Reinvigorating the Data Warehouse Through the Data Pipeline
How can analysts ask all the questions they need and act upon this information in minutes, as it flows through Data Warehouses? As a legacy technology sometimes considered too slow for the modern Big Data and Real-Time Analytics world, what role do Data Warehouse have in enterprises today? In a recent DATAVERSITY® interview and DMRadio webinar entitled, Modern Data Pipelines – Improving Speed, Governance, and Analysis, Taylor Brown, COO and Co-founder at Fivetran speaks about how a fully managed Data Pipeline supercharges data flow through a Data Warehouse in a way that Brown puts it: “better, faster and cheaper.”
Taylor Brown said that he and his Co-founder, George Fraser found Data Scientists and Data Analysts “floundering with data because they lacked the computer programming skills required to build custom ETL pipelines.” Moreover, they discovered that before adopting Fivetran, analytics teams, “spent 40 percent of work time pulling data from different locations, 20 percent of a job analyzing this data and 40 percent of the labor getting this information out to the company.” With Fivetran, teams spend almost none of their labor wrangling data sources and instead have more time drawing insights from their data.
In the old world, data storage costs were high. Brown remarked:
“People had to optimize their data stack to store as little data as possible in order to make the queries using this data fast. To accomplish this, companies used Extract, Transform, and Load or ETL. Most transformations entail aggregation which mean you have to plan all the queries you might want to run ahead of time. With aggregations you don’t have access to the raw data anymore, so predicting your data questions, a difficult task, is essential.
The most technical people at the company, usually engineers, would build that transformation layer. However, a lot of analysts did not and still do not have access to these types of resources, leaving the analysts puzzling on how to get the data they need into their analytics systems.

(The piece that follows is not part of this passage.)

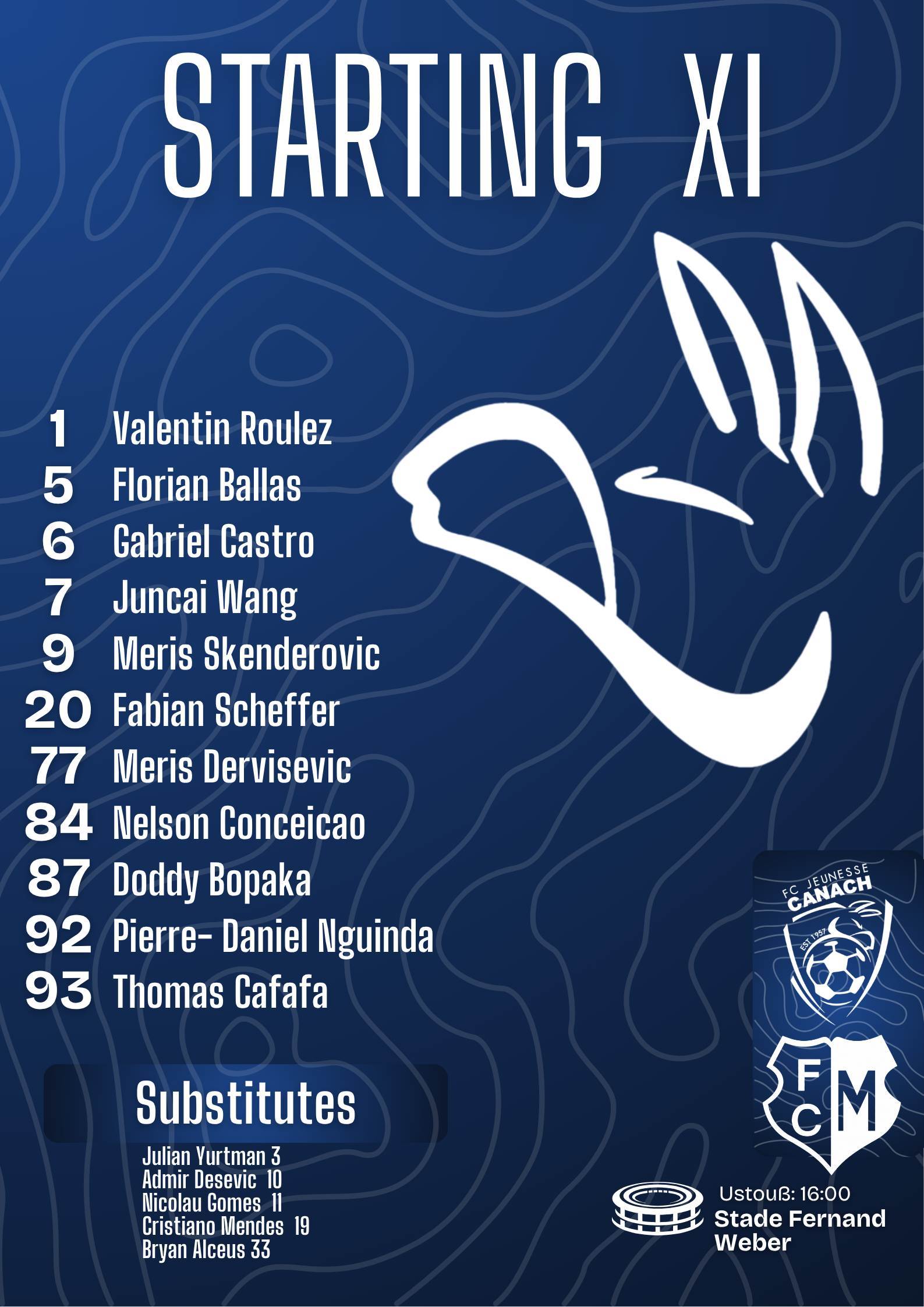 Lineup - Matchday 3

“Around 2014 and 2015, Amazon’s Redshift became very popular and available,” said Brown. Redshift combines a relational database in the Cloud using massive parallel processing. This meant the Data Warehouse became a lot faster, simpler, and cheaper to use.

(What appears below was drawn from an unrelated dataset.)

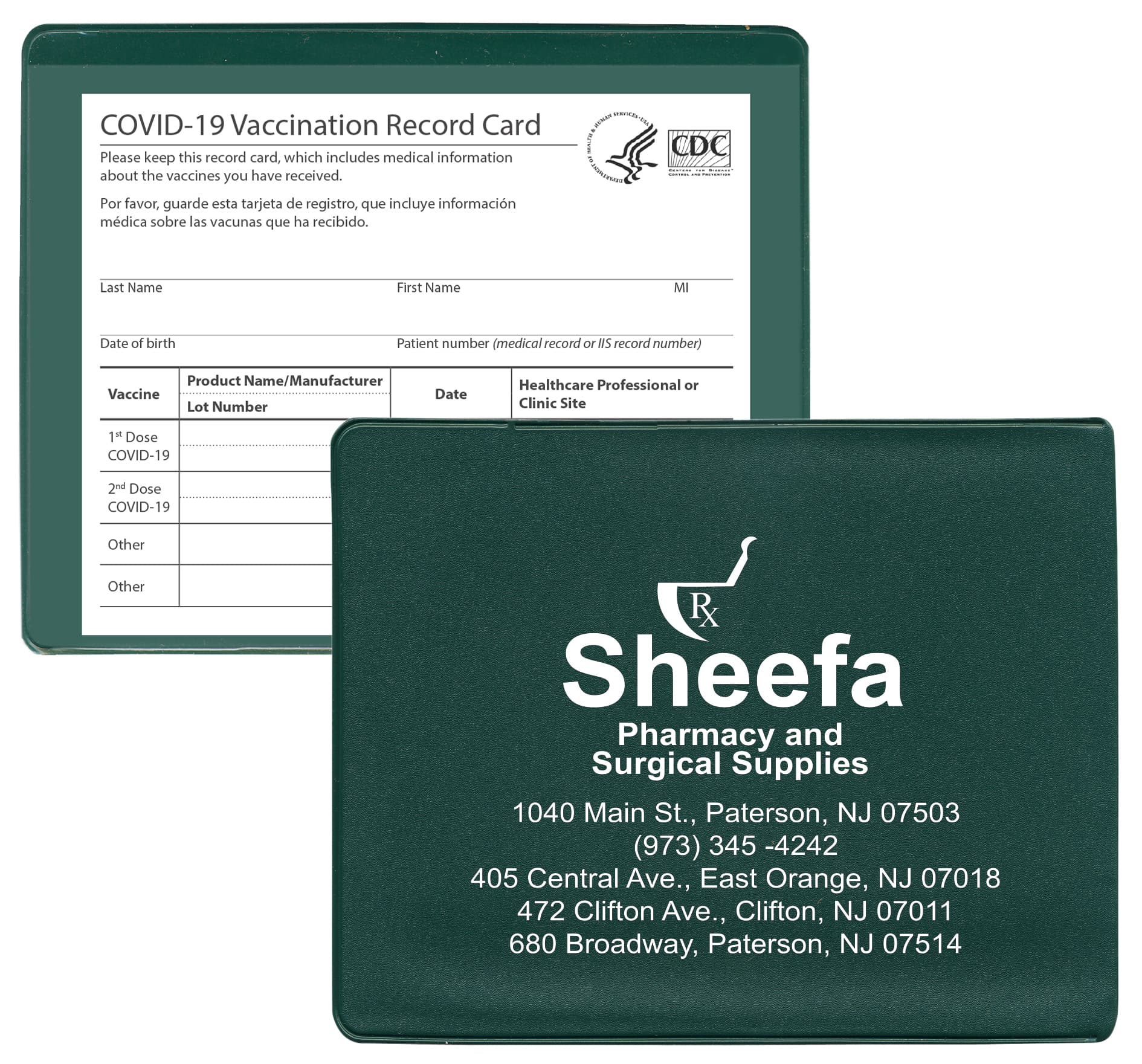 Custom Printed COVID-19 Vaccination Card Holder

With more accessible Cloud Data Warehouses, Business Intelligence tools started becoming more adept with tools like Looker, Periscope, and Tableau, said Brown, to make exploring and analyzing data in relational databases and Data Warehouses user friendly. They present better visualizations of the data and do the complex querying behind the scenes.

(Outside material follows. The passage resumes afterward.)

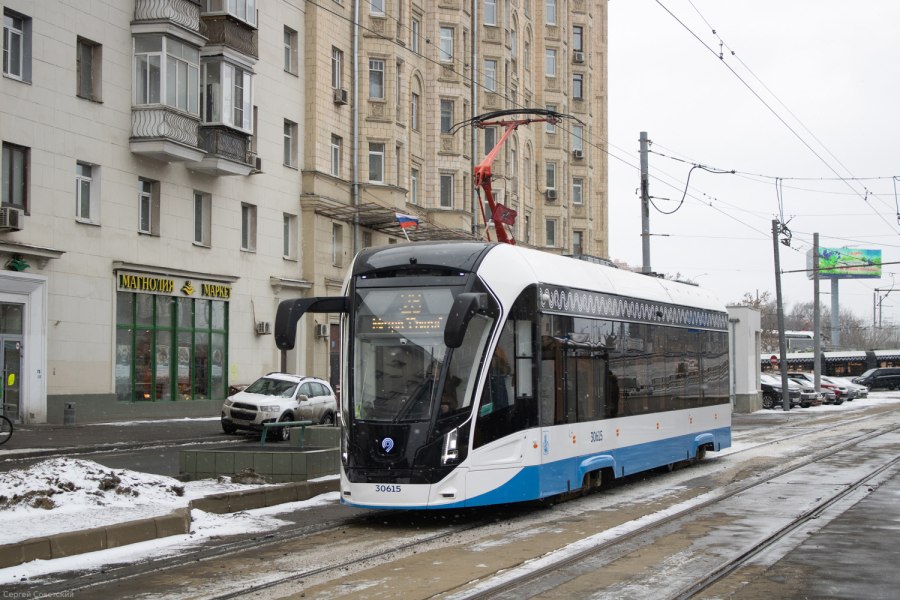 Трамвай Львенок в Москве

While new Business Intelligence (BI) tools were developed that streamlined analysis, Brown noted that organizations were stuck on how to integrate an endless variety of data sources into their analysis.
Replicate-All: A Step up from ETL
Fully managed Data Pipelines, like Fivetran, take a “replicate all” approach, and swap the order of L and T in ETL. By first loading all the data into the warehouse, it becomes much easier for analysts to access their data without waiting on engineers. Also, by removing the transformation step before replicating data into the Data Warehouse, an organization is able to sidestep the dangerous planning process required with ETL.
This is all possible because columnar Cloud-based Data Warehouses, like Snowflake, Redshift, BigQuery, or SQL Data Warehouse on Azure provide a structure for BI/Analytics and low storage cost.
These fast tools and columnar Cloud-based Data Warehouses split out the extraction from the transformation step, “simplifying the whole process and making tasks like error finding, much easier,” said Brown. “Even more amazing, this combined technology allows for little thought on what data to extract as everything can be extracted.”
With the low storage costs that come with Cloud Data Warehousing, it makes sense to take advantages of replicate all data connectors. Brown noted that:
“Fivetran connects to all the different available sources, replicates the data and puts it into a Cloud Data Warehouse. Fivetran already supports replication from over 100 source types and streamlines that data into a Data Warehouse.”
Data Pipeline-as-a-Service companies are able to take advantage of technologies that make sense at scale. For example, said Brown, “we have automations in place that ensure data delivery when source schemas change.”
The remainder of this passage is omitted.